Problem Three - open source packages, even adapted for native (without Cygwin/MinGW) compilation under Windows using a compiler from Microsoft... are not intended for its new versions, they cannot be compiled without significant modifications. Thus, the compilation speed test is currently a compromise between the desirable and the available - compilation of ACE+TAO in Microsoft Visual C++ Professional 6.0 (without loading IDE, by running a compiler and a linker from command line).
Many people think that CPU RightMark is a synthetic test. But in our opinion, it's not quite a synthetic test, or quite a peculiar one, if taken from a different angle. The point of this test is that on one hand it uses algorithms that are actually used, for example, for physics computations and rendering (from this point of view it's very close to game engines). On the other hand, CPU RM is sort of a "performance pump": it supports all modern extended instruction sets (it's optimized by manually written assembler inserts) and its render engine supports up to 32 simultaneously executed threads. That is in game engine terms it's a thoroughly optimized engine, which can squeeze maximum performance from any processor. The only synthetic thing about CPU RM is that it demonstrates maximum CPU performance when all possible optimizations are enabled. This test procedure uses CPU RightMark 2005 Lite with improved support for multiprocessing and adjusted scene parameters by default (there are more objects to distribute evenly the load on physics and render units).
Processing Bitmap Images (Photos)
Bitmap image processing is still represented by a single program. But it makes sense, as Adobe Photoshop has been a standard de facto for professional photo processing. A test script for Adobe Photoshop has not been modified, we have only supplemented it — added Filters to Blur, Color, Light, Rotate, Sharpen, Size, and Transform - it contains a lot of bundled filters (several dozens). You can download the script from our web site. The image, processed by this script, has been enlarged to 4096x3072. You can download the image as well as the script (attention: it's about 20 MB). Besides, the program was updated, now we use Adobe Photoshop CS2 (Version 9.0).
Another brand new benchmark and class. We use the built-in command of Apache web server — AB (Apache Benchmark). The command is executed three times for three different files - small (33 KB), average (137 KB) and large (1.8 MB). The small file is a typical front page, the average file is one of iXBT.com articles, the large file is an entire novel (the size of a reputable reference book). Requests go to localhost (127.0.0.1), we measure the number of processed requests per second. Results for the small and large web pages go to the total score with the 0.15 coefficient (15%), results for the average page — with the 0.70 coefficient (70%). Of course, this test uses multiprocessing — it loads all processors in a system.

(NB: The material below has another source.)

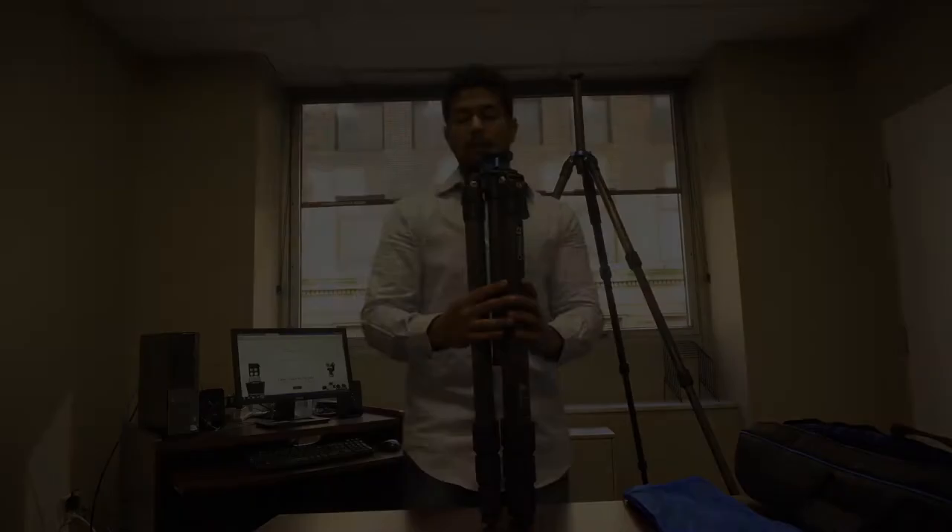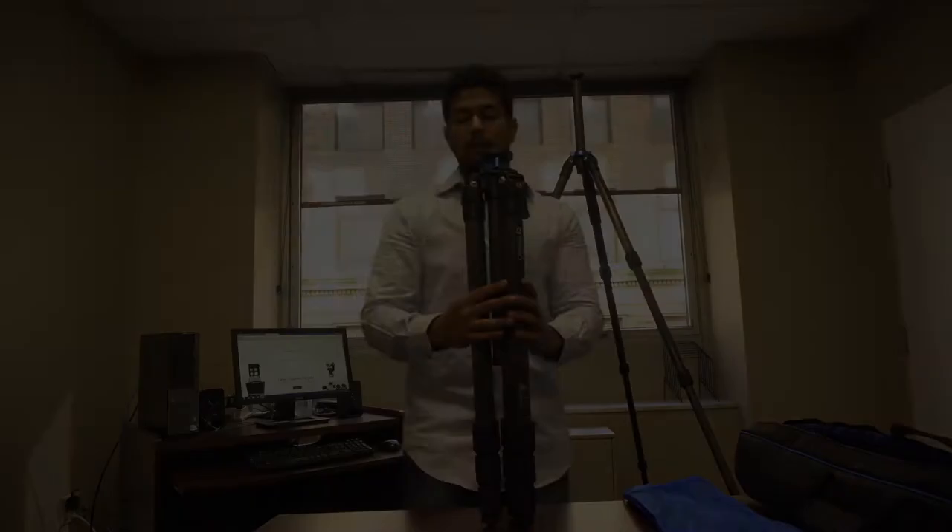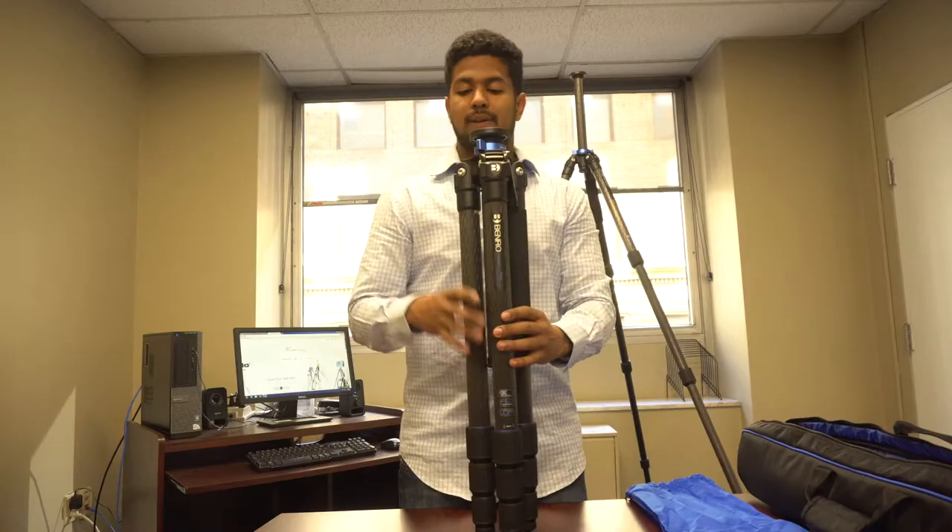Another neat thing that Benro included in this tripod is a leveler. What this allows you to do is adjust your whole tripod to the height that you need, and then check to make sure that it's leveled so that your scanner is allowed to get the best outcome possible.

The old benchmark, practically without changes, only software versions are updated: 7-Zip 4.32 (64-bit version), WinRAR 3.51 (unfortunately, this archiver does not have a 64-bit version). File set (Attention! 75 MB!) remains the same. It consists of 53 MB of files in BMP format, 48 MB of DBF files, 49 MB of DLL files, 49 MB of DOC files, 49 MB of PDF files, and 49 MB of TXT files. RAR does not support multiprocessing either, only 7-Zip can do that (besides, as far as we understand, it's not support for multiprocessing de facto, but support for dualprocessing, that is the archiver can use the second CPU — nothing more).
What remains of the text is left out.